2 days later, I went for a run along the Niagara path (the same one as the Niagara Ultra course) which had about 4 inches of crusty snow.  Running was tough, but it was nice to be on a trail (albeit paved) for the first time in about 4 weeks.  The nail hole, almost directly in the center of my foot, caused the identical pain as running with PF!  I thought briefly of putting a nail into my other foot to even out my gait, but that was just a crazy thought.  The Niagara trail was tough going and after only 6K I decided to turn back to Niagara-on-the-lake, where Lee Anne and I were staying for 2 nights.

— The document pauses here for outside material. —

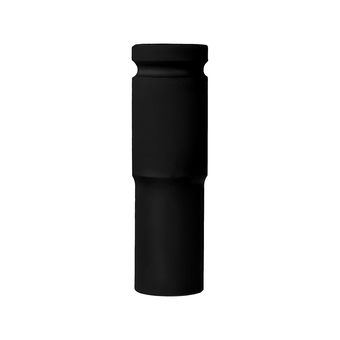 Головка торцевая глубокая ударная КОБАЛЬТ 1/2", 14 мм, CR-MO, подвес (642-289)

While I was braving the cold and snow, Lee Anne went to the NOTL community centre, which includes a sports complex.  Guess what?  They have an indoor track!.  Not the biggest, but it is comprised of 2 lanes that follow the outside perimeter on the second floor.  The next day I tried the indoor track and it is MUCH easier than running outside, in 4 inches of snow.  I got to thinking of the various surfaces I have run on and this is how I would grade them, from easiest to hardest:

Treadmill, indoor track, road, crushed stone track, road with slush, trail, wet trail, muddy trail with hills, trail with 4 inches of snow, trail with 1 - 2 feet of snow, trail with hills and 1 - 2 feet of snow, Tour de Mont Blanc.  For those of you fortunate enough to have never experienced the TDMB, it is not a walk in the parc.  Try climbing at roughly a 10 degree slope for 4 hours, to start your day.  The scenery is wondrous and travelling through 3 European countries (France, Italy and Switzerland) on the same hike is quite the spectacle, but this is the same trail used by the UTMB race and it will kick your ass!  I could easily run the UTMB, if I had a month.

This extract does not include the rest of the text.